The Council of Europe Publishes Study on the Rights of Children in Biomedicine, Including Entire Chapter Highlighting the Experience of Intersex Children
Last month, the Council of Europe published “The Rights of Children in Biomedicine: Challenges posed by scientific advances and uncertainties” through its Committee on Bioethics. The Committee, tasked with assessing ethical and legal issues at the intersections of human rights, biology, and medicine, includes representatives from all 47 European member states and investigates potential violations under the mandate of the Convention on Human Rights and Biomedicine, based on principles found in the European Convention on Human Rights.

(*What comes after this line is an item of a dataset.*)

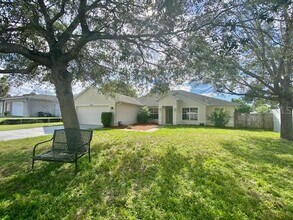 1057 Stratton Ave in Spring Hill, FL - Building Photo - Building Photo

This study thoughtfully considers the experience of children born with intersex traits, answering questions on the origin of deeply harmful “treatments” and their persistence in the medical field despite being violative of human rights standards and the continuing outcry from intersex adults. As the study explains:
“Since the 1990s, individuals who have been harmed by these practices have come forward reporting genital dysfunction, scarring, loss of sexual feeling, loss of fertility, chronic pain, and the wrong gender assignment – with irreversible excision of genital and gonadal tissues. Despite clinical attempts to find data supporting these practices, repeated systematic reviews of evidence have found no quality data confirming their safety and benefits for each affected child. Many prominent European clinicians remain among the most aggressive defenders of these practices – typically based on questionable studies tainted by views of what is best for the children and the ability of parents to “accept” a treatment recommendation, despite acknowledging the vast array of uncertainty surrounding the interventions in question.”
“So far, only one international protocol, by the Consortium on the Management of DSD, has recognized that consent of the child is necessary to ensure that any interventions coincide with the child’s wishes. Few clinicians have publicly endorsed that protocol. No other protocol has emerged to explain, as a matter of science, how infant surgery will be certain to coincide with the child’s actual identity, sexual interests, and desires for bodily appearance”
“Many other procedures are also rigorously defended by clinicians as highly beneficial to the health of the child and thus “necessary” for healthy functioning, such as hypospadias repair to enable “normal” urination in boys and vaginal-urethral separation in girls to prevent urinary tract infections – neither of which are supported by quality evidence of safety, benefit, or necessity and both of which risk irreversible injury.”
interACT commends the Committee on Bioethics and the authors of The Rights of Children in Biomedicine for this important report and encourages its dissemination to clinicians and others concerned with the rights of the intersex community.